You can't use the facetec SDK inside a proof

I should be more clear. They have a sdk which some part of it is OCR functions so idea here is utilizing them. One more thing we have as a options is building simple OCR which can be run in proofing. As long as first onboarding combining all factors of OCR-NFC-Liveness the authentication mostly will rely on the linked wallet and occasional checks which is not all elements but for small data match from NFC or OCR.

Before worrying about how to store hashes on chain I really recommend to think about how to prove that those hashes are not just random numbers. From my perspective, that's a core part you need to get right and not a detail to be figured out eventually.

Here, I am not sure, so I'll answer from two angles.

When we talk about our backend just throwing random hashes to the front, and since our backend can't be run inside a proof, there are a few ignited proposals around ML and AI. One of them revolves around proving computation, so if something like that is possible, we'd like to explore it. However, in the current state, we don't have a way of running these computations inside snarkyjs.

Also, I don't think it's a very realistic expectation because with all ID solutions and everything, you get verification from somewhere. It could be a government endpoint or a KYC provider, etc. You don't run their software in snarkyjs; you just build an oracle which verifies the data from them. This is what our proposal is at a very basic level. Where we differentiate is we have control, so we can adjust it according to developments. We can extract the data and verify it on the client-side without sharing any data on our end, but that brings a lot of issues with fake IDs. Here's a recent article https://x.com/josephfcox/status/1754514949995384996?t=PO5Nnvn4IzCRv4LS6I-LJA&s=09 where OKX, which looks like it was not doing enough for KYC/AML, is mentioned. They are using Jumio, which I mentioned above, and they have a liveness check, AML, everything baked in, but OKX prefers not to utilize them (I am speculating at this point since I can't know exact details, but this mostly happens because however all these solutions claim easy onboarding and everything, people mostly do not comply with following instructions or try to do the process in very suboptimal conditions with a dirty camera lens, a lot of glare, etc., so instead of losing the customer at onboarding, they do this so they can onboard users without friction). The reason we are taking all these steps is to ensure fake or cloned documents are not getting in.
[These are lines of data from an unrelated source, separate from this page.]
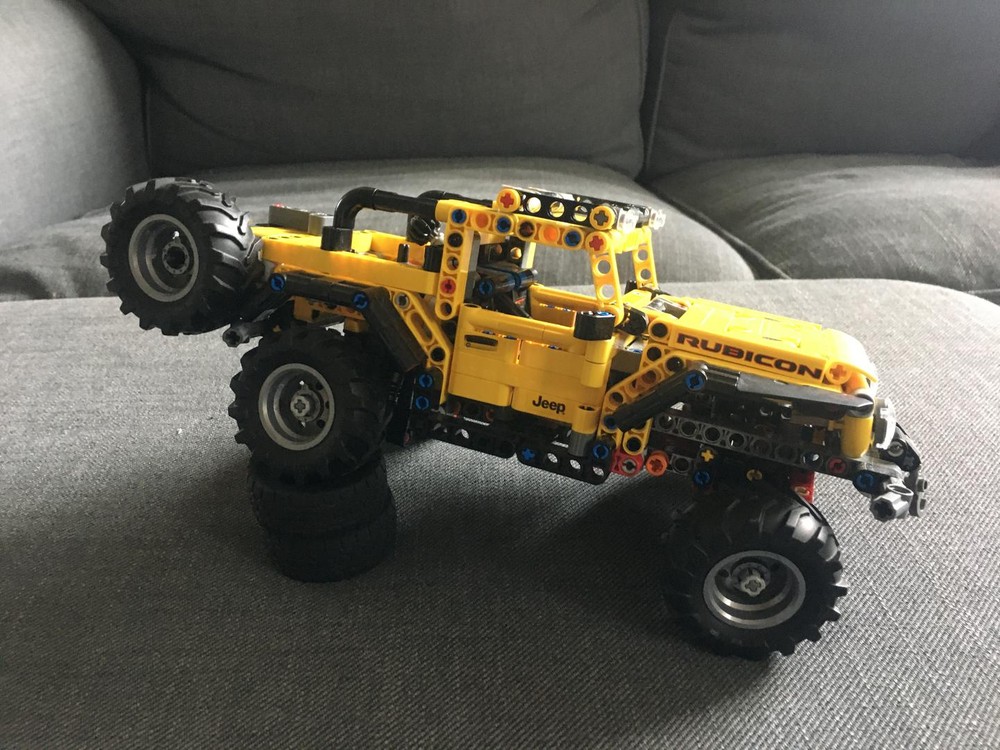 Lego 42122 Jeep Wrangler CJ2A Spare wheel attachment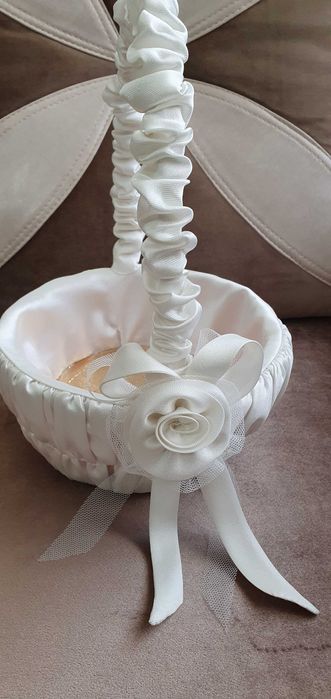 Coș de mireasă - pentru petale de flori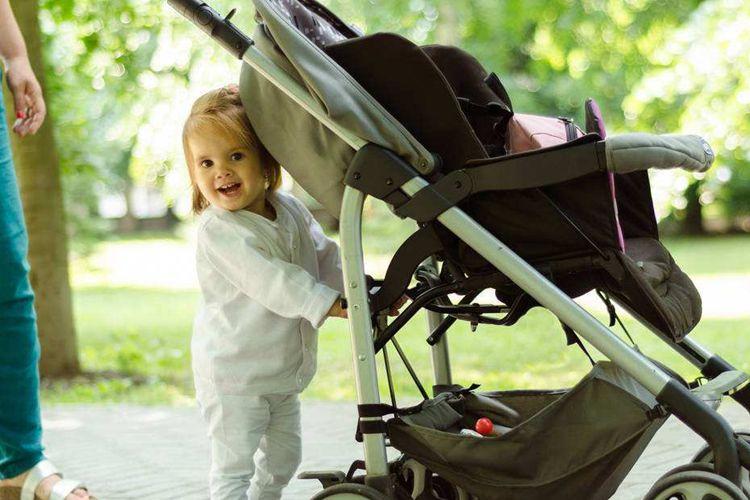 宝宝学走路迟? 别着急, 赶紧来试试这2种方法吧, 超好用!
When we talk about the hash, they are not just random numbers; they are the result of user data. It's not in our core plan to utilize something like that, but we believe it is required as a standard. So, at least some part of the ID solutions would have certain aspects that can be interoperable and utilized by zkapps. Since this hash is derived from the user data which exists on the user's client where computation and proof generation happen.